┌────────

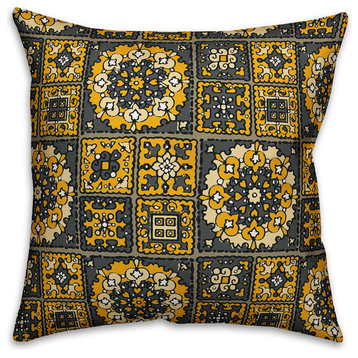 Patchwork Mandala, Yellow and Gray Throw Pillow, 20"x20"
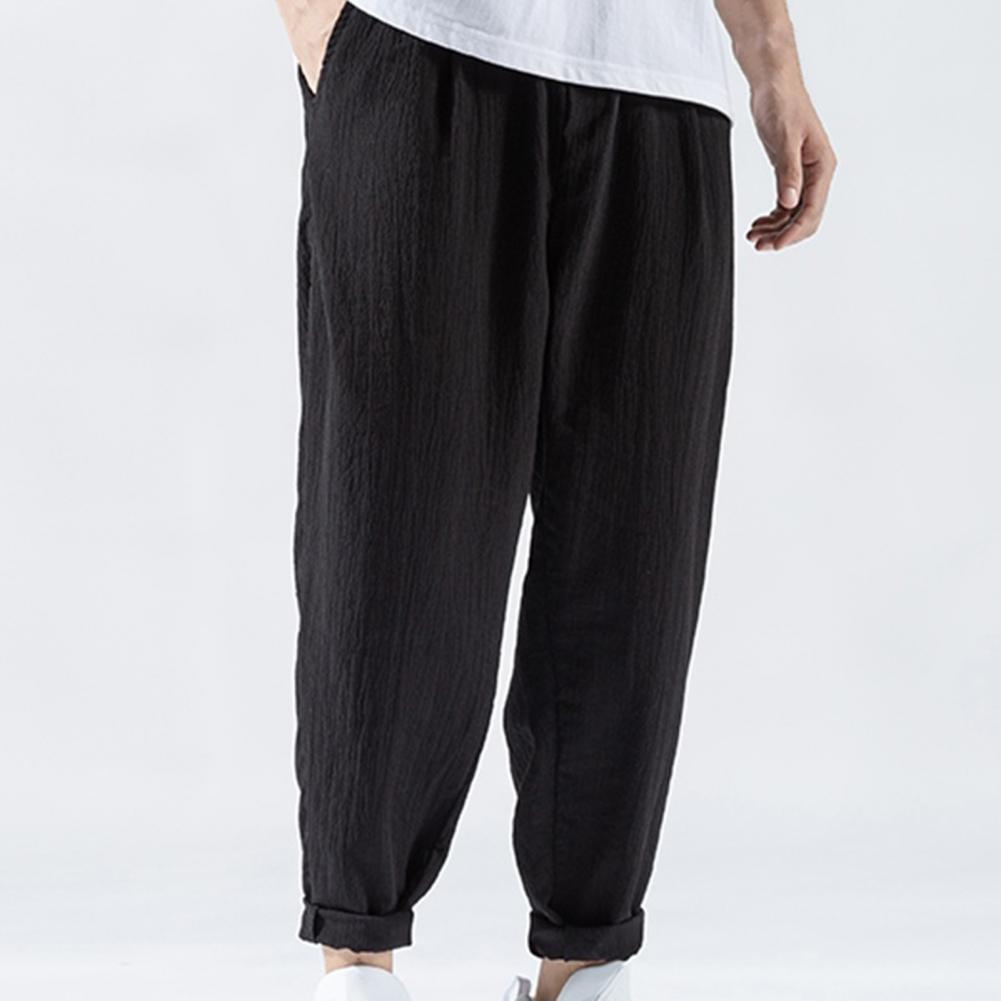 Pantaloni da uomo in cotone e lino larghi in stile giapponese, nuovi pantaloni in lino traspiranti per l'estate, pantaloni a tinta unita, streetwear fitness, taglia plus M-3XL.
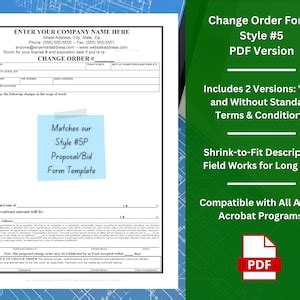 Change Order Form Template W/ Editable Terms and Conditions W/ Provision to Charge Interest ...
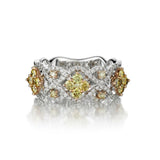 1.85 Carat Total Weight Round Brilliant Cut Diamond Floral Band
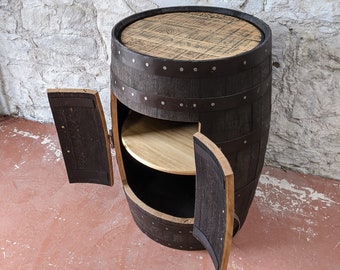 Whisky Barrel Drinks Cabinet with Shelf - Reclaimed - Handmade Furniture made in Scotland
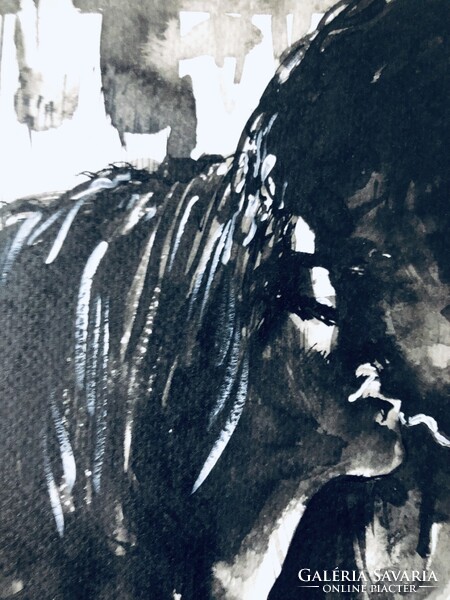 The Kiss  art by Konrad Biro. 25x35 cm tus festmény. Alacsony induló árral! Egy hét-egy esély!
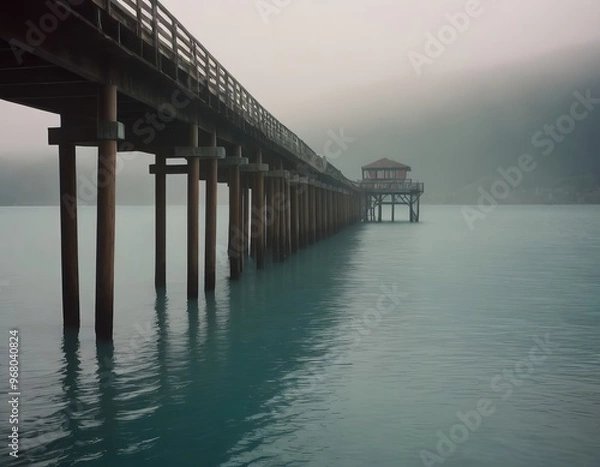 Obraz A Beautiful Serene Lake View Featuring a Wooden Pier Set Within a Misty Landscape Scene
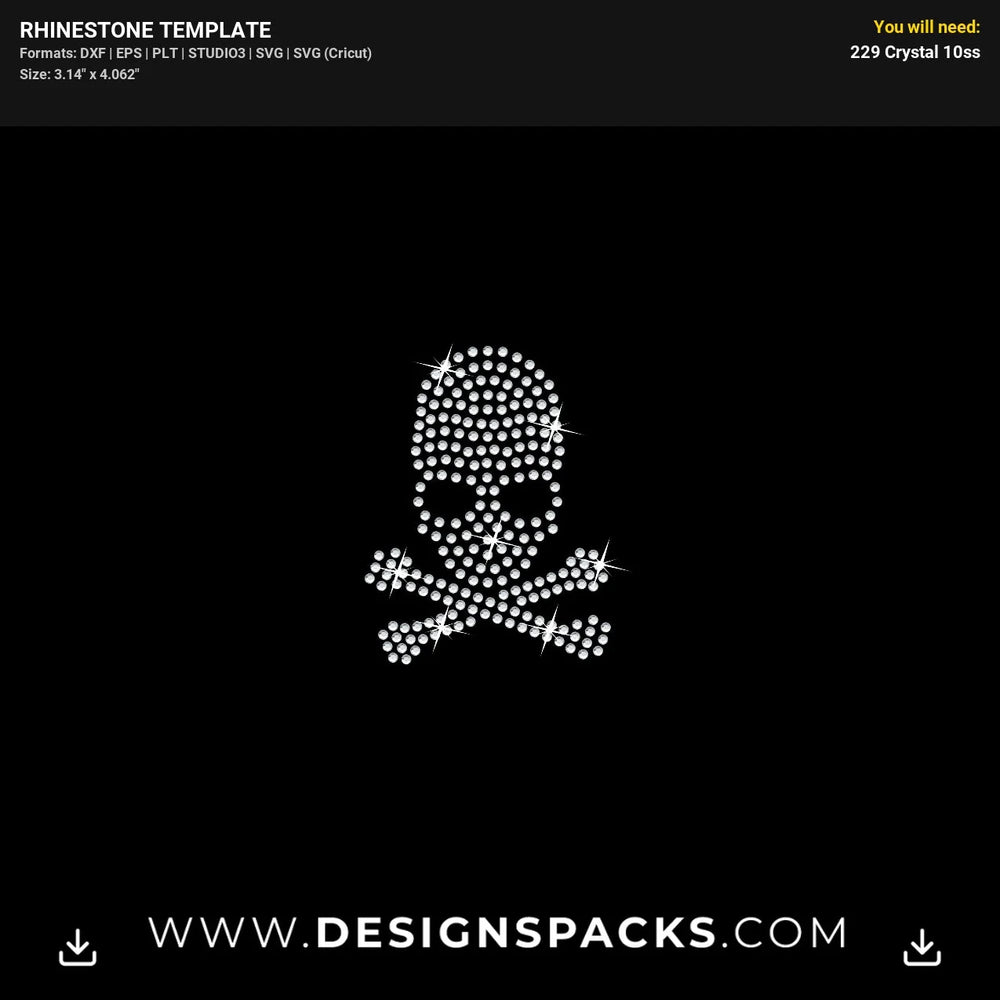 Skeleton Halloween Face Mask Rhinestone Digital Template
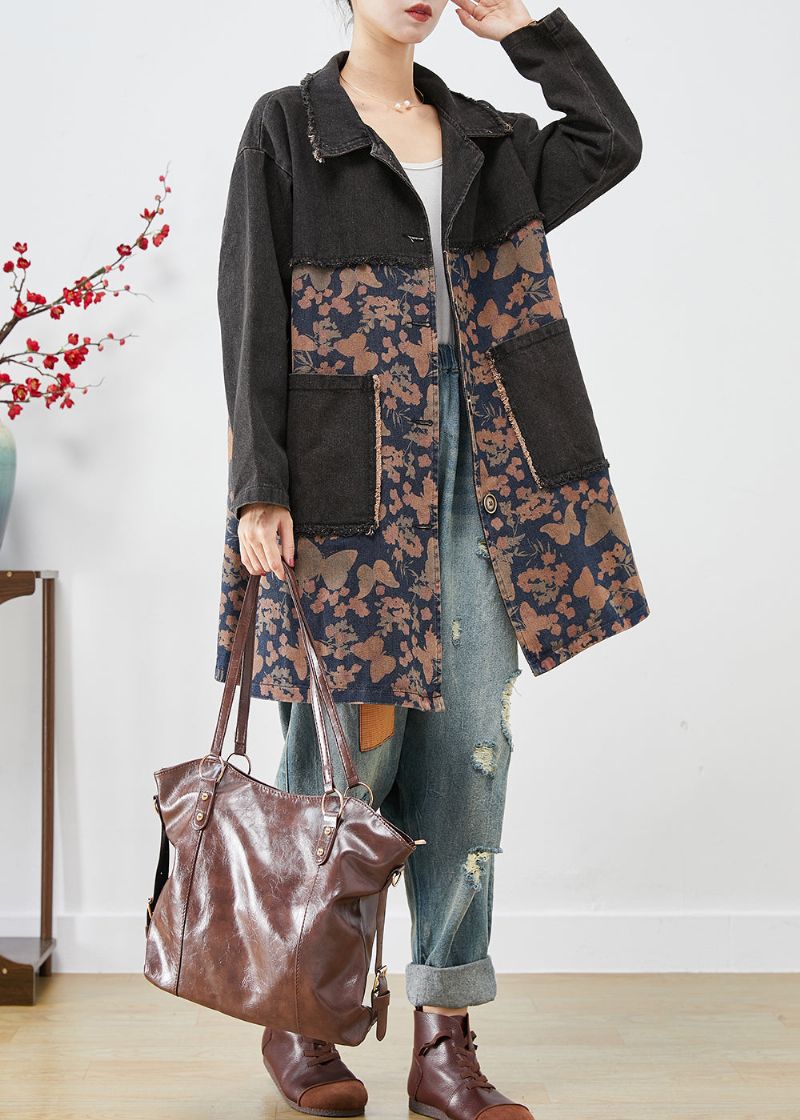 Stijl Zwart Oversized Patchwork Zakken Print Denim Trench Herfst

└────────

BRIEF: Copy out every entry above exactly. Leave the pictures out.

ANSWER TO THE EXERCISE:
 Patchwork Mandala, Yellow and Gray Throw Pillow, 20"x20"
 Pantaloni da uomo in cotone e lino larghi in stile giapponese, nuovi pantaloni in lino traspiranti per l'estate, pantaloni a tinta unita, streetwear fitness, taglia plus M-3XL.
 Change Order Form Template W/ Editable Terms and Conditions W/ Provision to Charge Interest ...
 1.85 Carat Total Weight Round Brilliant Cut Diamond Floral Band
 Whisky Barrel Drinks Cabinet with Shelf - Reclaimed - Handmade Furniture made in Scotland
 The Kiss  art by Konrad Biro. 25x35 cm tus festmény. Alacsony induló árral! Egy hét-egy esély!
 Obraz A Beautiful Serene Lake View Featuring a Wooden Pier Set Within a Misty Landscape Scene
 Skeleton Halloween Face Mask Rhinestone Digital Template
 Stijl Zwart Oversized Patchwork Zakken Print Denim Trench Herfst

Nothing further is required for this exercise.